## Records for processing
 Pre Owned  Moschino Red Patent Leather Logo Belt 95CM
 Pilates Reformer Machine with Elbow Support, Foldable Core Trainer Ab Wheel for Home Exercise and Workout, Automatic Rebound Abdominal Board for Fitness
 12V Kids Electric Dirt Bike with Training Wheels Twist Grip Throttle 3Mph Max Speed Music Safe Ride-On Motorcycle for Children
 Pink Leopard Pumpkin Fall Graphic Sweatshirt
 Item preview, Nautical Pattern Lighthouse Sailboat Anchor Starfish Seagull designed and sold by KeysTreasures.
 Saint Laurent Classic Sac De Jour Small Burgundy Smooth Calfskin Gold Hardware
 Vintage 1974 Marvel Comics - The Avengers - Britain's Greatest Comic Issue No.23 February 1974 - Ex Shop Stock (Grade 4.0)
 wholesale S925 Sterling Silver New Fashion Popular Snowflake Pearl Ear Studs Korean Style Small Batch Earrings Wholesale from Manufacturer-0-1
--
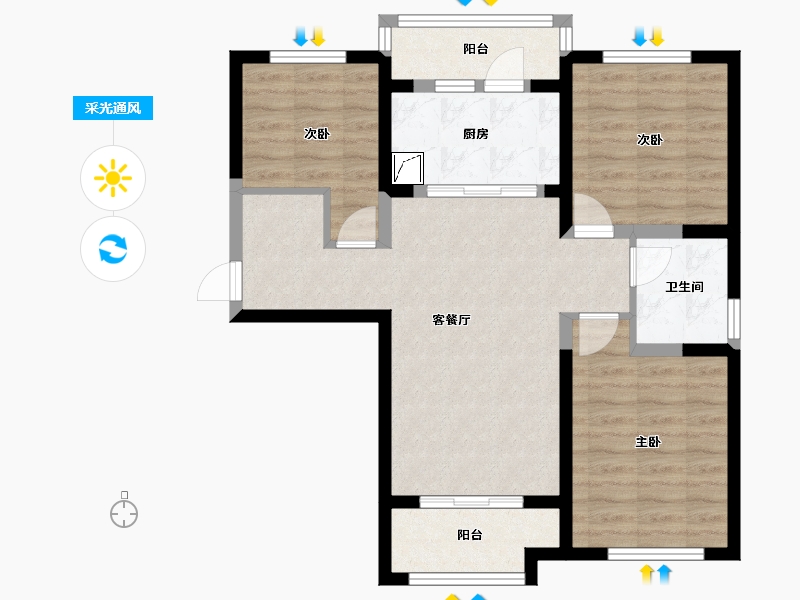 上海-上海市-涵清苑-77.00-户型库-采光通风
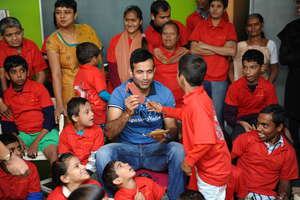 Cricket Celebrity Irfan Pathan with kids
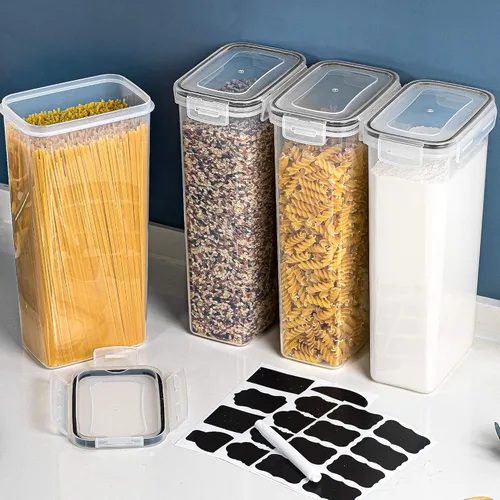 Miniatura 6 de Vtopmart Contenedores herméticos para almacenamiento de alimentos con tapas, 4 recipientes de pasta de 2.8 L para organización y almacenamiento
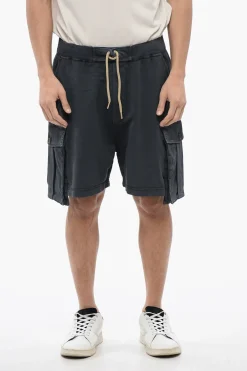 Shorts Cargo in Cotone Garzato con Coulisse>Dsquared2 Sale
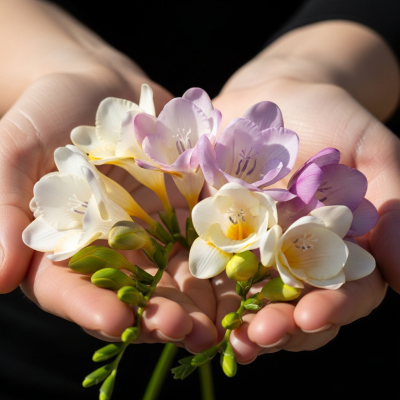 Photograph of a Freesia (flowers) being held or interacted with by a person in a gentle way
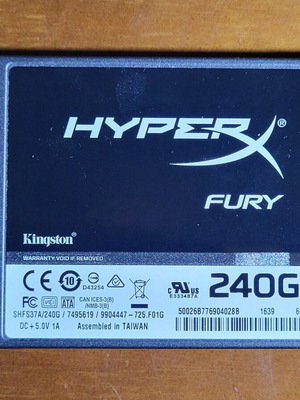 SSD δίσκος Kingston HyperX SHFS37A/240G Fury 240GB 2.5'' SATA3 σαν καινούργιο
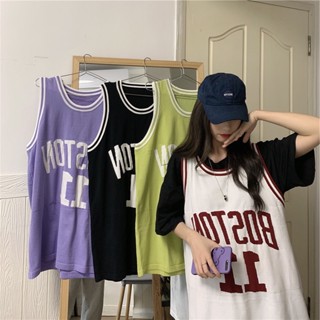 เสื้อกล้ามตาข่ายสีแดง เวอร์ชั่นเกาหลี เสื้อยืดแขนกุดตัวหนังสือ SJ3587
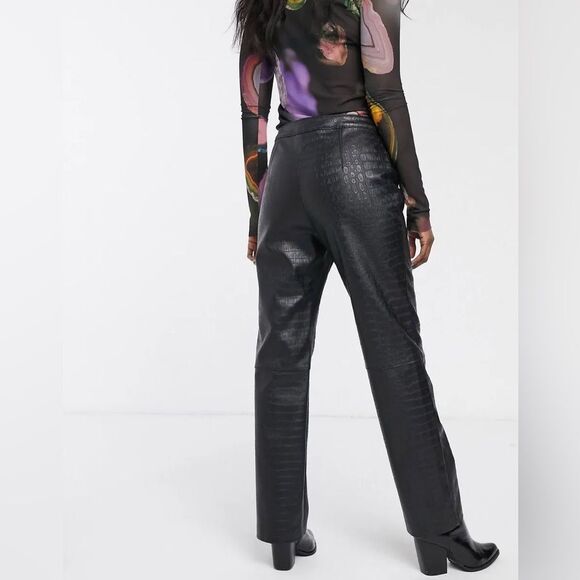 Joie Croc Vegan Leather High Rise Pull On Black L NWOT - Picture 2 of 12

## Task prompt
Return word for word the lines of the listing above, starting at the line with "Photograph of a" and ending at the line with "Joie Croc Vegan", both included. Pictures do not belong in the copy.

## Finished exercise
 Photograph of a Freesia (flowers) being held or interacted with by a person in a gentle way
 SSD δίσκος Kingston HyperX SHFS37A/240G Fury 240GB 2.5'' SATA3 σαν καινούργιο
 เสื้อกล้ามตาข่ายสีแดง เวอร์ชั่นเกาหลี เสื้อยืดแขนกุดตัวหนังสือ SJ3587
 Joie Croc Vegan Leather High Rise Pull On Black L NWOT - Picture 2 of 12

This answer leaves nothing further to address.